In a language that had come easily, too easily, to him when he’d first tried to speak it.
“Tori, is it?” Humphrey’s glass thumped the table, his boot heels scraping across the stone floor as he inched forward in his chair. “An accent. Interesting, as you’ve always had a knack with languages.”
Finn blinked into the amber radiance cast from the fire, the whiskey composing a delightful musical score in his skull. “Do you think it’s possible, Rey? That there’s someone out there related to me? Why wouldn’t I have dreamed of her? Been able to read her mind? Why would this woman, this stranger, be our connector?”
“How the hell do I know? All I grasped was that this summer was going to be anarchy, an itch I’ve had under my skin for weeks. The insane gods of magic stirring up our lives. Our peace interrupted.” Humphrey pointed his glass at Finn. “That’s my gift, the ability to sense chaos. Let Julian record that in his book.”
“I have to find her,” Finn whispered.
“You don’t have to convince me, boy. Can’t have anyone entering our world without finding out why.” Taking a considering draught, Humphrey tilted his head. “When we found you, I was so damn reckless. Act first, think never, that sort of thing. Wasn’t unheard of, a titled bloke dropping a byblow in a slum, a place no one would ever connect them. So, I broke into the orphanage even though you were by then living in that shack—maybe a month after we rescued you—tore the place up looking for records, papers, something to tell us who you were. There was nothing, but I always wondered. You were filthy, covered in insect bites and bruises, a layer of dirt on your skin it took five baths to wash off, but the moment we cleaned you up, you looked like a little prince. Sounded like one once the cockney slipped away. You came from somewhere, that’s all I knew. Because I’d come from the gutter, never a
nyplace but, and I recognized the difference right off. Julian’s creation about you being from his side of the world may not be far from the truth.”
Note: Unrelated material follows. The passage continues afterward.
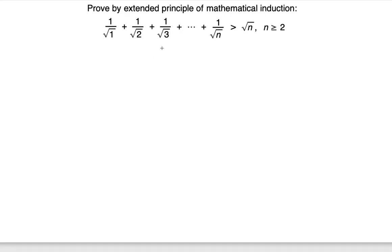We have to prove by the extended principle of mathematical induction the following inequality: 1/√1 + 1/√2 + 1/√3 + ... + 1/√n is greater than √n for n ≥ 2. The extended principle differs from the regular one only in that you're not starting from n = 1 but following a constraint — in this case, starting from 2 and above.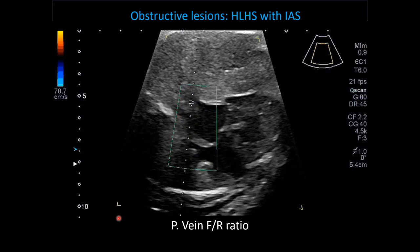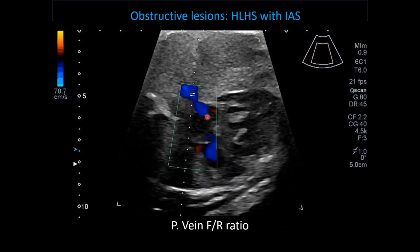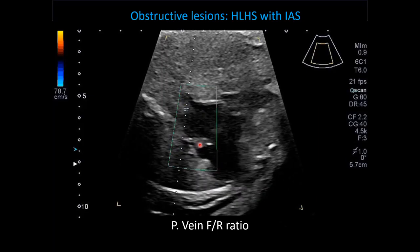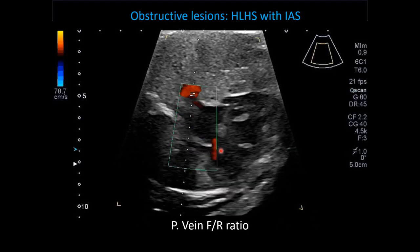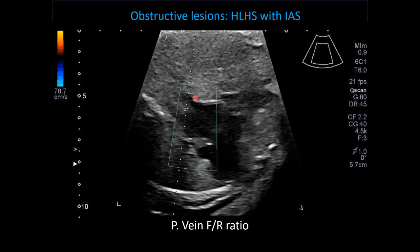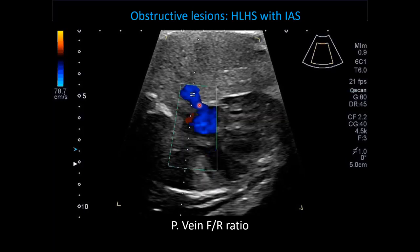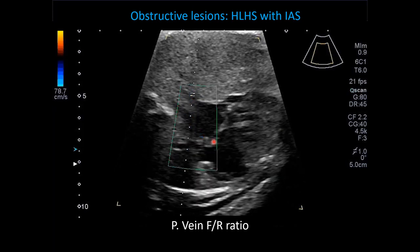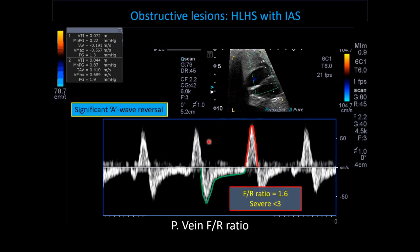In this second case of hypoplastic left heart syndrome, you see a single right ventricle and right atrium, with the atrial septum bowing from left to right — an abnormal finding. Color Doppler of the left pulmonary vein shows to-and-fro flow in both colors, indicating possible restrictive atrial septum. Pulse Doppler of that pulmonary vein confirms a highly abnormal forward-to-reverse ratio of 1.6 with significant atrial reversal during atrial pulsations — well within the severe range, where severe is defined as less than 3.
“I don’t want another story. I’m happy with Julian’s creation,” Finn murmured and slumped back on the sofa, slinging his arm over his eyes, the whiskey cutting a wide path through him. Oh, was he going to feel wretched tomorrow.
A blanket settled over him as Humphrey loosened his fingers from around the glass and set it aside. “Thank you,” Finn whispered, when he meant, for everything.
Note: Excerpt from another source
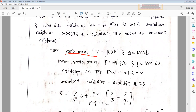The outer ratio arms P and Q are given, and the inner ratio arms small p and small q are also given. The resistance of the link r is 0.1 ohm, and the standard resistance S is 0.037 ohms. Calculate the value of unknown resistance. This is the given problem.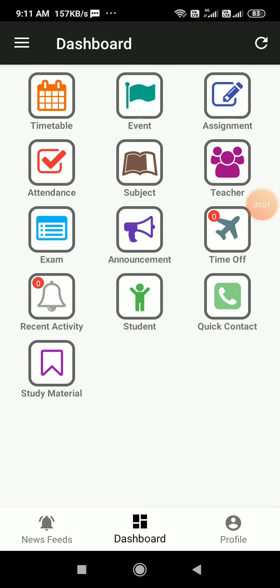Hello students and parents, this is Dhaval from Edu Cloud. In this tutorial, we will see how to join virtual class right from Edu Cloud Android mobile app. There are two ways to join the virtual classes.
He didn’t want his life to change. He wanted the family he’d found, the family who’d found him.
Why go and wreck his moderately predictable supernatural existence by falling in love?
With Victoria Hamilton or a long-lost sister.
Piper lifted her finger to her lips as Julian tiptoed into the nursery. “Finally,” she whispered, gesturing to their son who lay sprawled on his bed, his favorite bunny, Alfred, tucked beneath his chin, a dabble of spit sticking fur to his cheek. She’d practically had to pin Lucien to the mattress to get him to sleep, a battle of wills that had left them both exhausted. It was hard to be vexed when the little devil looked so much like his father that it made her heart ache.
Moving behind her, Julian wrapped her in his arms, placing his chin on the crown of her head. “Trouble with my beautiful boy? How could that be? He’s an absolute angel.”
She turned, trying to wiggle close enough to press her cheek to his chest, but it was impossible. “I’m corpulent,” she said with a sniffle, “and I still have another month to go. Maybe longer. It went longer than anticipated last time.” Pregnancy had left her with the predilection to cry at less than the drop of a bonnet, for no reason at all and every reason in the world. A circumstance Julian had handled with the calm self-possession he was known for.